■ **Task material**:
════════════════════

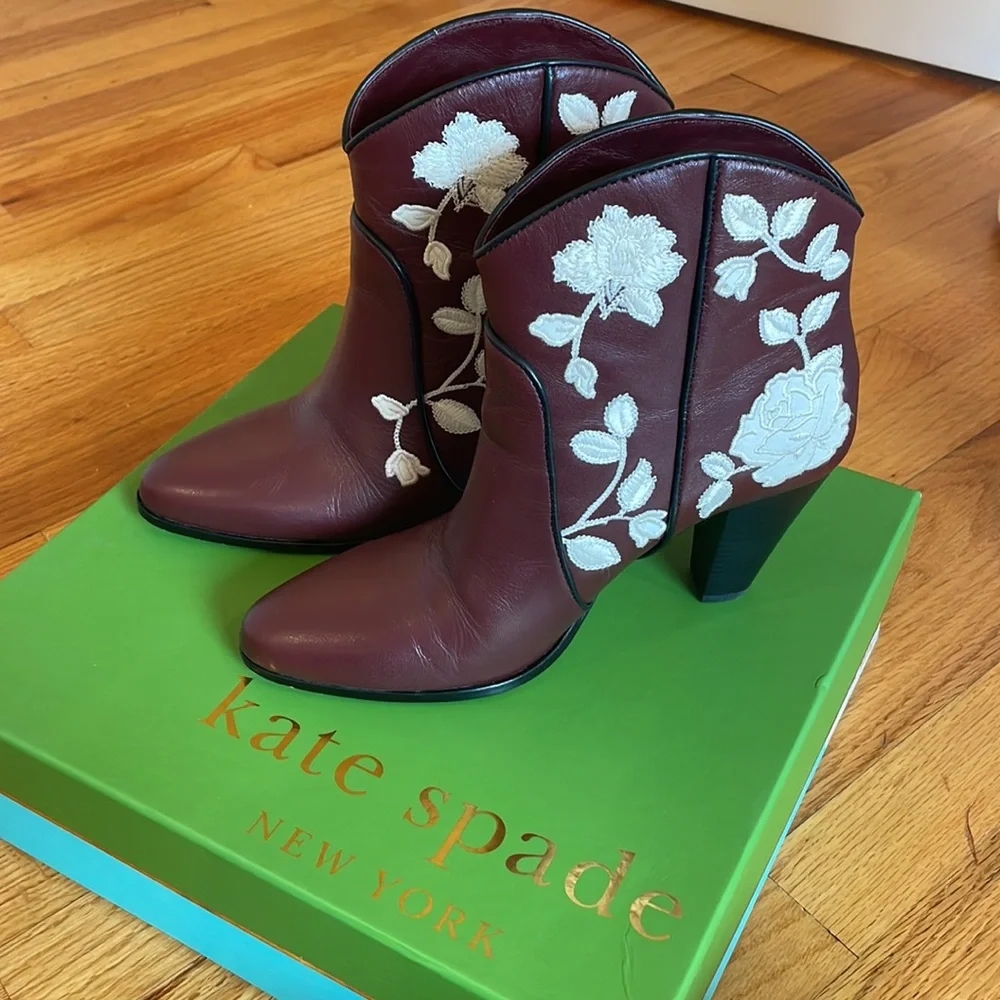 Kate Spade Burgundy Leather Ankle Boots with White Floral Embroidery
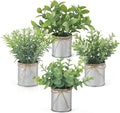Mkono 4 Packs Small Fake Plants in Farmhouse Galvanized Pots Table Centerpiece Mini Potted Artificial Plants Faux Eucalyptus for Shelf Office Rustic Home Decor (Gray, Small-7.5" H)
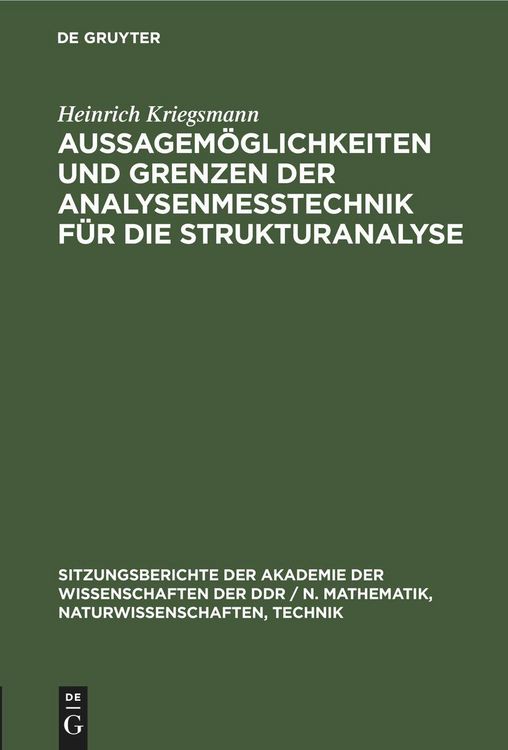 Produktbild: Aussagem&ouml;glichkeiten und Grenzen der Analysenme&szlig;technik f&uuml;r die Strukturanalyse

════════════════════

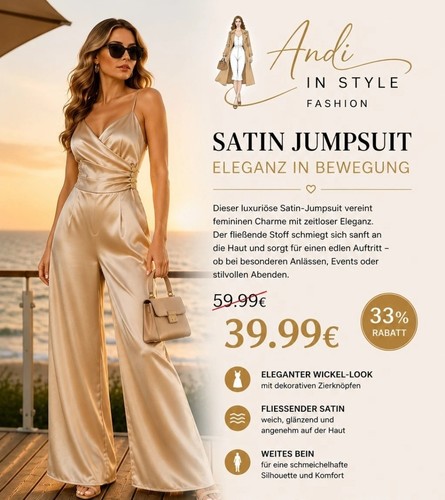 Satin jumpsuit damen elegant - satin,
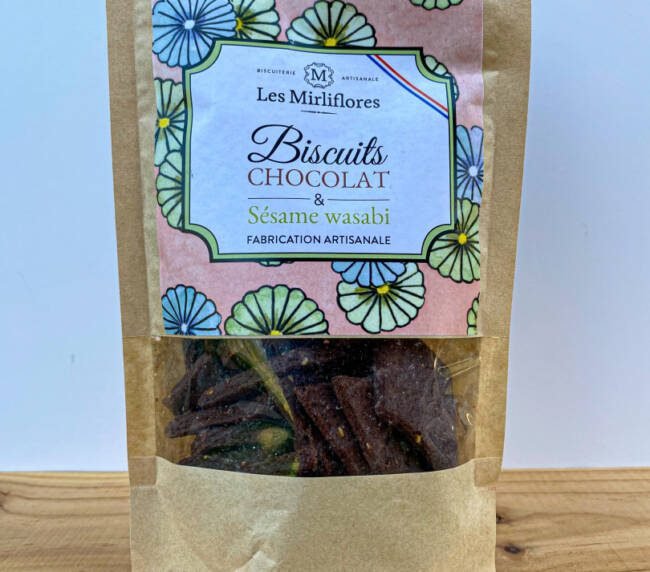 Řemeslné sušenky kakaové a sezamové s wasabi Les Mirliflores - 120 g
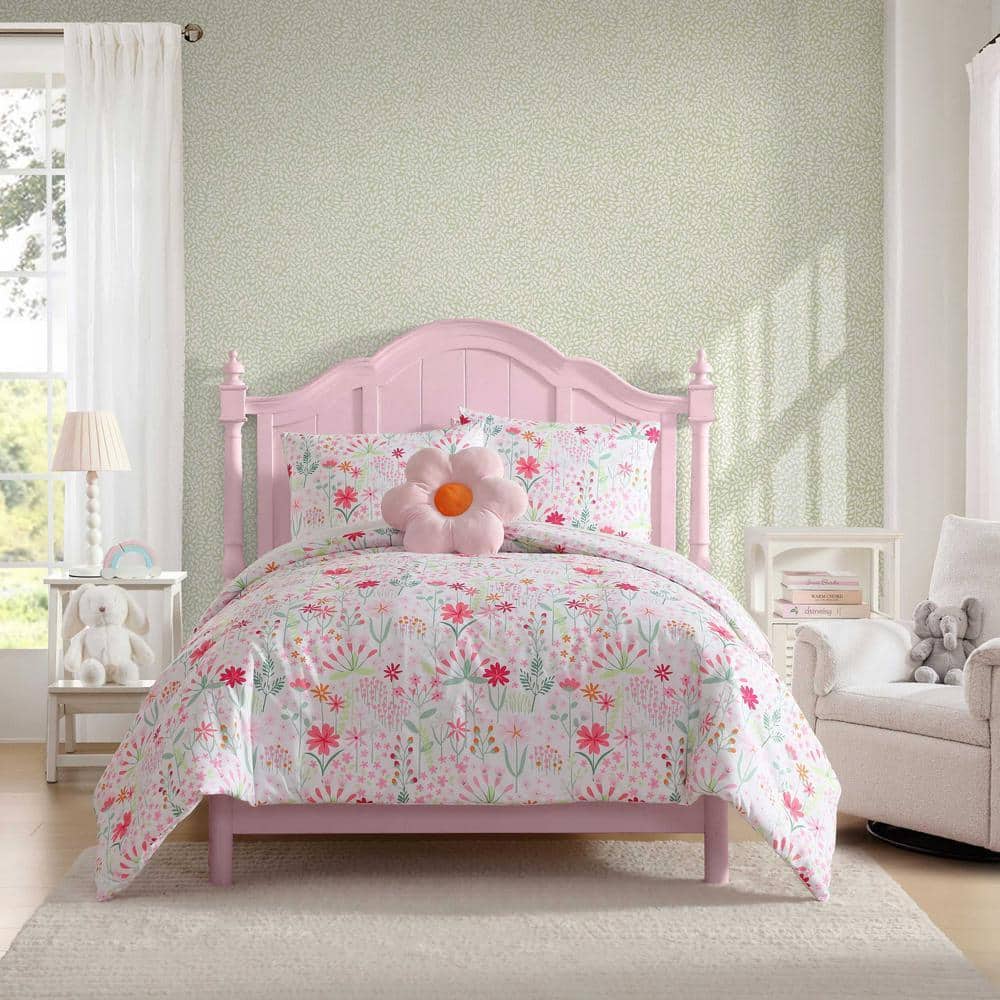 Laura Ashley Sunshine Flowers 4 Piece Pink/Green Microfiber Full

════════════════════

■ **Instructions to follow**:
Of the records above, print only the lines from the one containing "Mkono 4 Packs" through the one containing "Produktbild: Aussagem&ouml;glichkeiten und", inclusive and unaltered, leaving out pictures.

■ **Exercise result**:
Mkono 4 Packs Small Fake Plants in Farmhouse Galvanized Pots Table Centerpiece Mini Potted Artificial Plants Faux Eucalyptus for Shelf Office Rustic Home Decor (Gray, Small-7.5" H)
 Produktbild: Aussagem&ouml;glichkeiten und Grenzen der Analysenme&szlig;technik f&uuml;r die Strukturanalyse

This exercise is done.